I have a view with a number of subviews. The subviews all have size constraints, built in the storyboard.
part of viewDidLoad() is to programmatically add a number of buttons. And I'm using the subview's bounds to known where to add the buttons to take up available screen real estate. As a simplified example:
override func viewDidLoad()
{
super.viewDidLoad()
let bottom = buttonView.bounds.maxY
let right = buttonView.bounds.maxX
let button = UIButton()
button.frame = CGRect(x: CGFloat(0.0),
y: CGFloat(0.0),
width: CGFloat(right),
height: CGFloat(bottom))
button.addTarget(self, action: #selector(buttonPushed(_:)), for: .touchUpInside)

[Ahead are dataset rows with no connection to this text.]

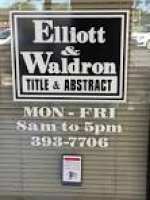 Elliott & Waldron Title & Abstract Co., Inc. - Home | Facebook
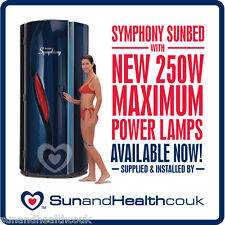 Tansun Symphony Stand up Sunbed Vertical Tanning Bed!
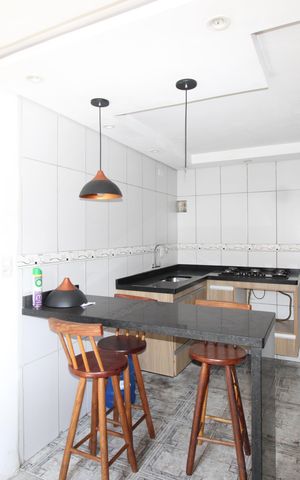 Apartamento para alugar com 43m², 2 quartos e 1 vagaSala/Cozinha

buttonView.addSubview(button)
print("buttonview frame = \(buttonView.frame)")
}
override func viewWillAppear()
{
super.viewWillAppear()
print("buttonview frame = \(buttonView.frame)")
}
What I see happen in the simulator (and on hardware) is that the views are all sized according to how I had it designed in the storyboard, matching the hardware I had designed it on (iPhone 11). When I run it on an iPhone 8, my subviews all run off screen, and the first print statement indicates a width of 414.0. The constraints are applied sometime before viewWillAppear
, and the second print statement indicates a width of 375.0. But my button isn't resized to fit. It still continues off screen.
How do I programmatically add my button subviews (this example only has the 1, code has 20 being built in a loop) to adhere to the constraints of the superview bounds, after I know what they actually are?